During a three-hour walk this last Sunday, I was rewarded with my first glimpse of the migrating WILSON’S WARBLER. Was this tiny 4-inch nugget of gold, with its shiny black yarmulke, just passing through on its way north from Central America and Mexico, or might it choose Santa Cruz to raise its family? As it dove back into into the dense willow thicket along the river, I found myself hoping that it would be able to find a safer place to nest. Willow thickets along rivers are a favorite place for this species to breed, but the proximity of the new pump track and disc golf course might spell disaster for this tiny bird! I was very sad to read that the population of this species has declined sharply in the last several decades because it prefers to winter at the southern end of the Baja Peninsula in Mexico – right where there has been so much development of luxury resorts and new residential areas. As for its breeding range, the Audubon Society reports that there will be a 76% loss of summer range for Wilson’s Warblers by 2080. Sadly, our innocent recreational amenities contribute to that loss. Readers can click here to read more about the Audubon predictions for all bird species.
The Wilson’s Warbler is one of four warblers that are regulars on the downtown stretch of our river during the spring and summer months. Besides the Wilson’s, the YELLOW WARBLER is the only other regular migrant warbler on the river. I didn’t see one on Sunday, but I did hear our year-round resident, the handsome but reclusive COMMON YELLOWTHROAT.
I waited and waited for him to show himself but no luck. Luckily at this time of year, the male can usually be heard singing his heart out with a distinctive witchity-witchity song – so you know he is around. The other year-round warbler on our river is the ORANGED-CROWNED WARBLER, a rather drab yellowish/olive creature who puts all its nuptial hopes on its bright orange crown. Unfortunately, the crown is rarely visible to humans. I didn’t get to see one of those on Sunday.
As we welcome the summer migrants, it is time to say ‘Bon Voyage’ to two other ‘goldens’ – the GOLDEN-CROWNED SPARROW (as well as the WHITE-CROWNED SPARROW) and the AMERICAN GOLDFINCH.

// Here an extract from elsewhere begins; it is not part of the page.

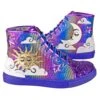 IRREGULAR CHOICE Lunar Eclipse -Masquerade Shoes 4515 19A 7 Lunar Eclipse Irregular Choice Lace Up High Top Irridescant Rainbow Trainers f3dc6884 8eea 423c 98e3 070439d60bbc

I saw all three of these friends on Saturday, either lingering here for a while more before heading north, or otherwise passing through from more southernly parts on their way north. There’s no way of knowing. The golden crown of the sparrow was much larger and brighter that it is during most of the winter, and the golden plumage of the goldfinch was spectacular.
I guess they are gussying themselves up early so they will be all set to begin courting when they arrive in in Canada and Alaska. I’m glad we get a chance to see them in their finery before they depart.

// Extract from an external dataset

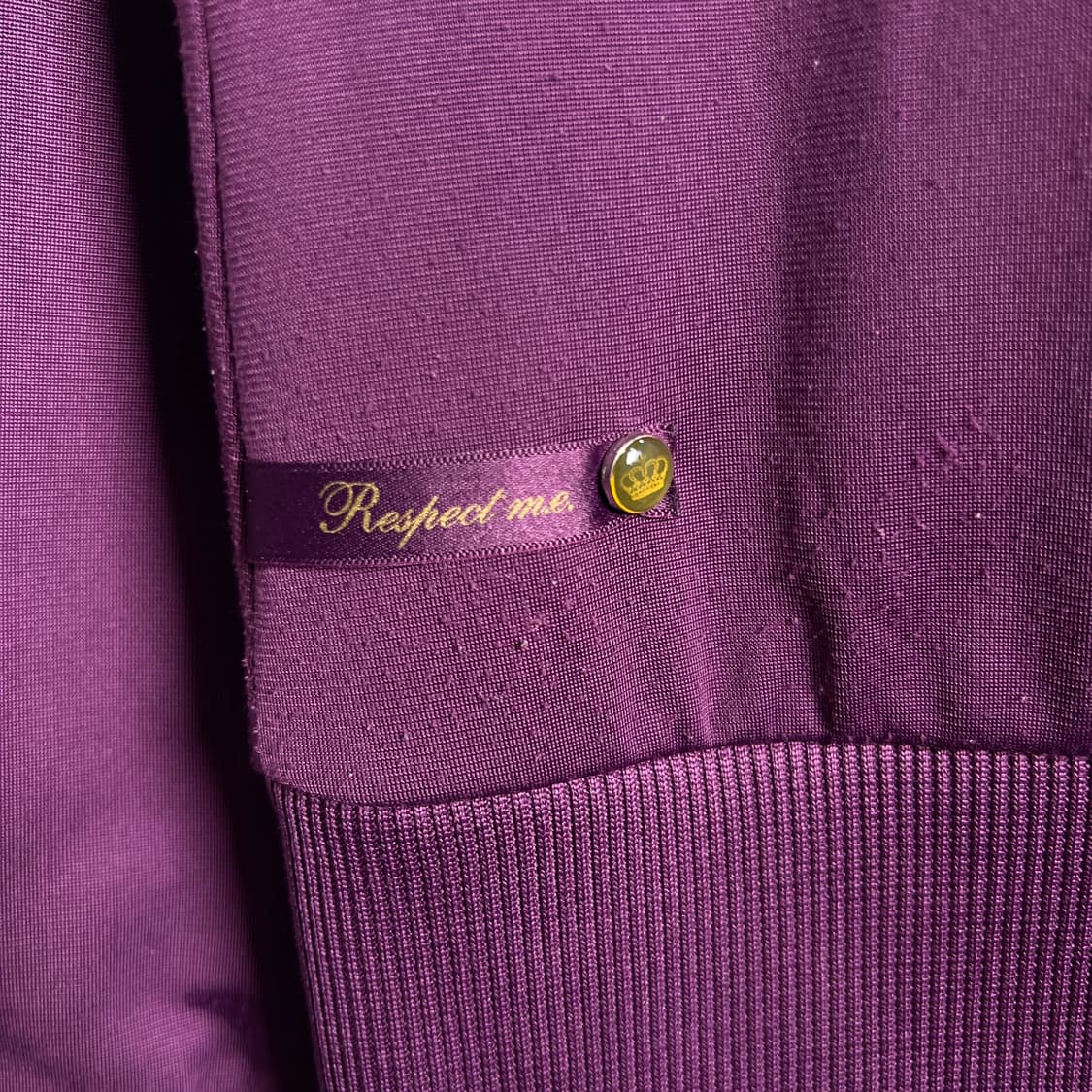 아디다스 리스펙트 미 크라운 퍼플 트랙탑 져지 36 상품이미지8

On March 23 I hit gold in a different way – with my first sighting of a new family – 7 little MALLARD ducklings foraging with their parents in shallow pools of water created by the river overflowing into the Benchlands. So early! How did the parents manage getting these babies all incubated and fledged during the heavy rains?!
I saw them again on Sunday, resting in the Duck Pond that the City talks about removing.
Will ‘Save the Duck Pond’ become our new rallying cry? Maybe. Reassuringly, a staff person in the Parks and Recreation Department recently told me that any re-design of San Lorenzo Park will only proceed after the Master Plan is in place, and after there is plenty of time for community input about the Park. I also got a sweet photo of a COMMON MERGANSER, some AMERICAN COOTS, and the MALLARDS, hanging out together at the Duck Pond.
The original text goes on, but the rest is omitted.